## Aim of the task
Output the whole listing below exactly, omitting the images.

## Data
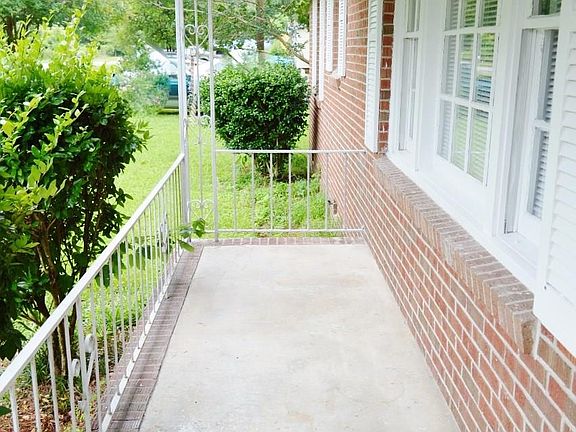 2nd image of 2606 Riverland Dr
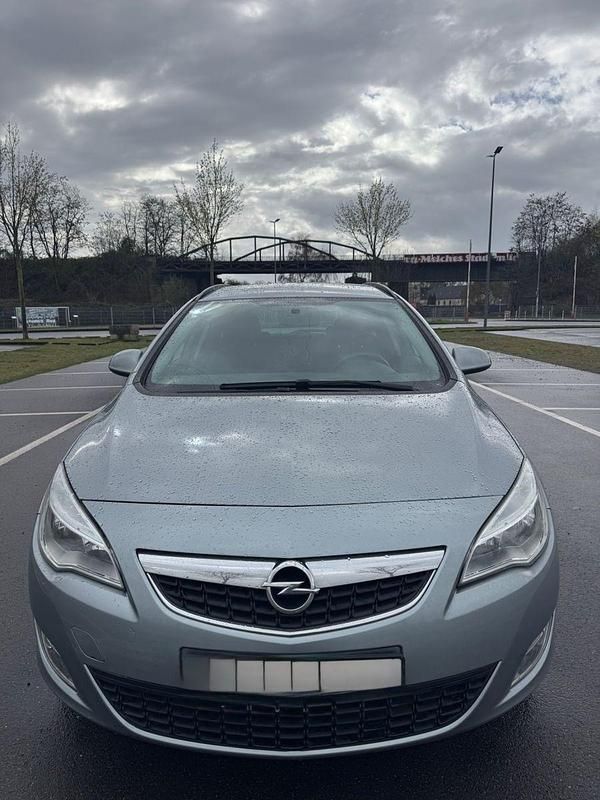 Gebraucht Opel Astra 101 PS (74 kW) 2011 Grau Kombi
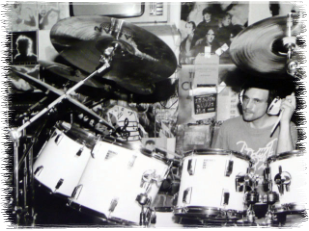 1992 Andre an den Drums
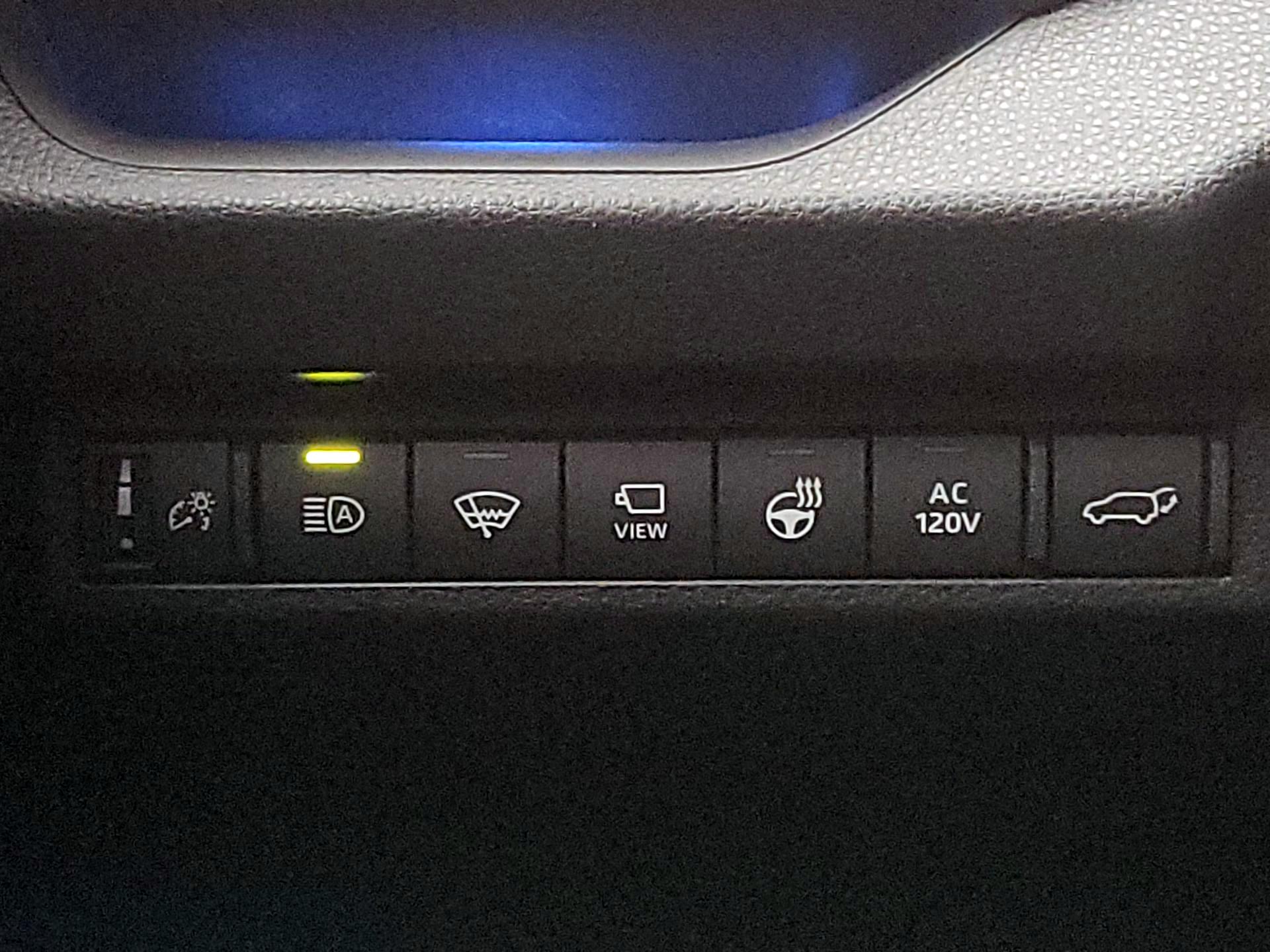 Thumbnail: 2022 Toyota RAV4 - 13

## Expected answer
 2nd image of 2606 Riverland Dr
 Gebraucht Opel Astra 101 PS (74 kW) 2011 Grau Kombi
 1992 Andre an den Drums
 Thumbnail: 2022 Toyota RAV4 - 13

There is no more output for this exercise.